Semin Hear 2008; 29(2): 139-140
DOI: 10.1055/s-2008-1075820
PREFACE

Published by Thieme Medical Publishers

Mild and Unilateral Hearing Loss in Children

John Eichwald1 , Sandra Abbott Gabbard2  Guest Editors 
  • 1Team Lead, Early Hearing Detection and Intervention Program, Division of Human Development and Disability, National Center on Birth Defects and Developmental Disabilities, Centers for Disease Control and Prevention, Atlanta, Georgia
  • 2Associate Professor, University of Colorado Health Sciences Center, Aurora, Colorado; Director of Audiology, University of Colorado Hospital, Aurora, Colorado
Further Information

Publication History

Publication Date:
28 May 2008 (online)

In July 2005, the Centers for Disease Control and Prevention (CDC) Early Hearing Detection and Intervention (EHDI) program and the Marion Downs Hearing Center cosponsored the National Workshop on Mild and Unilateral Hearing Loss. The main goal of this 2-day workshop was to review current information, facilitate discussion, and develop recommendations related to the identification of and appropriate intervention for children with mild or unilateral hearing loss.

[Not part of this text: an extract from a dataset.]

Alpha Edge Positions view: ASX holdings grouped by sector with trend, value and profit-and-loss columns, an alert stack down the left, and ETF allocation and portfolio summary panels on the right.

The workshop was planned by a 10-member steering committee, which included representatives from the Marion Downs Hearing Center, the National Institute on Deafness and Other Communication Disorders at the National Institutes of Health, the Massachusetts Universal Newborn Hearing Screening Program, the National Early Childhood Technical Assistance Center, the EHDI program, independent experts in the field of hearing loss, and the parent of a child with hearing loss. More than 50 national and international experts, including researchers, clinical practitioners, early interventionists, parents, and representatives from national organizations and state and federal agencies, participated in the workshop.

The main objectives of this workshop were to

Review and evaluate the scientific research and other data related to mild and unilateral hearing loss. Establish recommendations related to identification. Establish recommendations related to appropriate intervention(s). Identify potential areas for future research.

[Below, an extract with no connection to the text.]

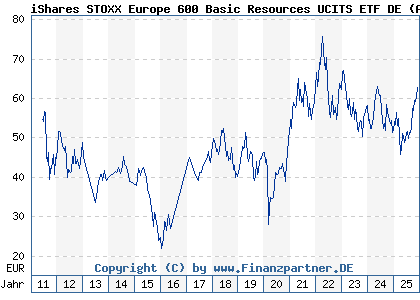 Chart: iShares STOXX Europe 600 Basic Resources UCITS ETF DE (A0F5UK DE000A0F5UK5)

The workshop began with plenary presentations by researchers and clinicians addressing current scientific evidence related to the key issues of (1) prevalence and screening; (2) diagnosis, amplification, and outcomes; and (3) early intervention, eligibility, and clinical practice. These presentations established the context for the workshop agenda.

For the remainder of the workshop, participants joined one of four facilitated break-out groups to discuss the following topics: screening for hearing loss, diagnostic evaluation and follow-up, hearing technology, and early intervention. Participants within each group were asked to identify issues, barriers, and areas for future research and to develop realistic short-term and long-term recommendations. At the end of the workshop, facilitators of each break-out group summarized the discussions of their respective groups for all participants.

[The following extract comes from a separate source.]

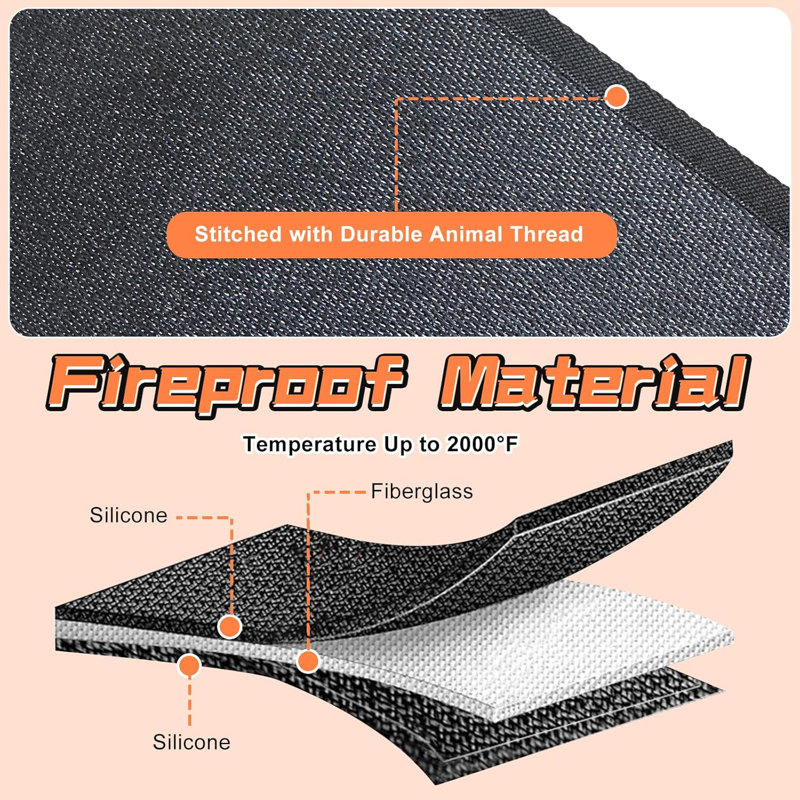 Fireplace Mat, Hearth Rug Fireproof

The National Workshop on Mild and Unilateral Hearing Loss was an important step in defining key issues related to mild and unilateral hearing loss. A proceedings document from the workshop, including a list of participants, is available online at www.cdc.gov/ncbddd/ehdi/unilateralhi.htm. The purpose of this issue of Seminars in Hearing is to provide readers with current evidence and information related to identification and appropriate intervention for children with mild or unilateral hearing loss. Additionally, the preliminary discussions of the short-term and long-term recommendations developed by the workshop break-out groups provided the basis for the proposals provided in the last article. These proposals are intended to help policymakers, EHDI program staff, physicians, audiologists, parents, and other interested parties identify and provide appropriate intervention services for children with mild or unilateral hearing loss.

This issue of Seminars in Hearing begins to address recommendations for the management of children with mild or unilateral hearing loss in a practical and defensible manner. These recommendations are a work in progress, and as the field of audiology gains experience in managing all levels of hearing loss in infants, new procedures and new perspectives will emerge.

The discussions summarized in this Journal do not represent the official views of the Centers for Disease Control and Prevention or the Marion Downs Hearing Center and should not be construed to represent any agency determination or policy. The views of participants expressed in this publication have not been officially endorsed by any agency or organization.

We express our gratitude to those who participated in the National Workshop on Mild and Unilateral Hearing Loss and acknowledge and thank the authors who submitted their work for this publication. We also express our thanks to Krista Biernath, M.D., Danielle Ross, Ph.D., and Marcus Gaffney, M.P.H., for their valuable assistance with the preparation of this issue.